Selon Rawls, comme le respect de la liberté individuelle et de la justice doit être prioritaire sur la satisfaction de tout autre intérêt, c’est le concept même d’utilité qui doit être abandonné. Rawls va donc essayer d’élaborer une nouvelle « théorie de la justice » figurant dans les institutions politiques et économiques de base de la société. Selon l’auteur, c’est à partir d’un contrat social (Rawls se réclame de Kant) que tous les membres d’une société vont établir les règles de base. L’avantage du contrat est que tous les hommes, en toute connaissance de cause et sans dépendre d’une autorité supérieure, peuvent coopérer et déterminer les règles de justice comme équité.

L’auteur imagine donc une situation hypothétique où tous les individus seraient placés « sous un voile d’ignorance ». Cette situation garantit l’impartialité de chaque individu car ils ignorent quels sont leurs talents naturels, leur morale ou leur croyance, et par extension l’ensemble des intérêts qui les pousserait à faire des choix s’éloignant d’un ensemble de règles justes et équitables.

De cette situation, deux principes peuvent naturellement être établis (Höffe, 1988, pp. 61-69) :

  • le premier principe, dit principe de liberté : « chaque personne doit avoir un droit égal au système total le plus étendu de libertés de base égales pour tous, compatible avec un même système pour tous » ;
  • le deuxième principe (comportant deux sous-principes) : « les inégalités économiques et sociales doivent, dans la limite d’un juste principe d’épargne, assurer le plus grand avantage possible aux moins favorisés. Elles doivent être liées à des charges et à des positions accessibles à tous selon le principe de juste égalité des chances ».
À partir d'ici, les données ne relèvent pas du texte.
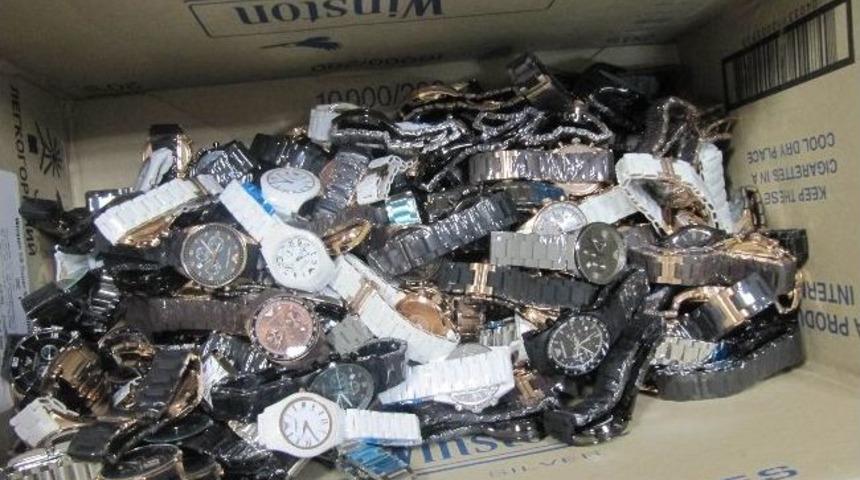 G&uuml;mr&uuml;k Ka&ccedil;ağı Saat Ve G&ouml;zl&uuml;k Ele Ge&ccedil;ti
Le premier principe, prioritaire sur le second affirme que chaque individu doit disposer des mêmes droits et libertés fondamentaux (liberté d’expression, de réunion, de pensée, droit de vote…). Ce premier principe résout donc les problèmes liés aux éventuelles dérives de l’utilitarisme. La première partie du second principe (principe de différence) admet l’existence d’inégalités si elles sont justes, c'est-à-dire si elles bénéficient aux plus démunis. Par exemple, les produits de l’impôt sur le revenu (apportés par les plus riches) peuvent être redistribués à l’avantage des plus pauvres. La seconde partie du second principe admet également l’existence d’inégalités dans les fonctions occupées par les individus lorsqu’elles ne sont que le fait du mérite personnel. La réalisation de l’ensemble de ces principes doit se faire par une répartition juste et équitable de ce que l’auteur appelle les biens premiers. Rawls considère que les individus désirent premièrement ces types de biens car ils sont nécessaires à la réalisation de n’importe quelle autre préférence. Les libertés et droits fondamentaux concernent le premier principe, les pouvoirs et les privilèges, les revenus et les bases sociales du respect de soi concernent le principe de différence, et enfin les opportunités offertes aux individus concernent le principe d’égalité des chances.

Même si Rawls prône l’abandon de la conception utilitariste dans l’évaluation des projets, son principe de différence peut correspondre à une forme particulière de la fonction du bien-être social. Le bien-être de la société est identifié à la valeur de l’utilité de l’individu le plus défavorisé (le Maximin). Dans cette optique, un projet de transport doit chercher à maximiser la situation des individus les plus défavorisés bien que cela puisse entrer en contradiction avec les objectifs de rentabilité (Bonnafous, Masson, 1999).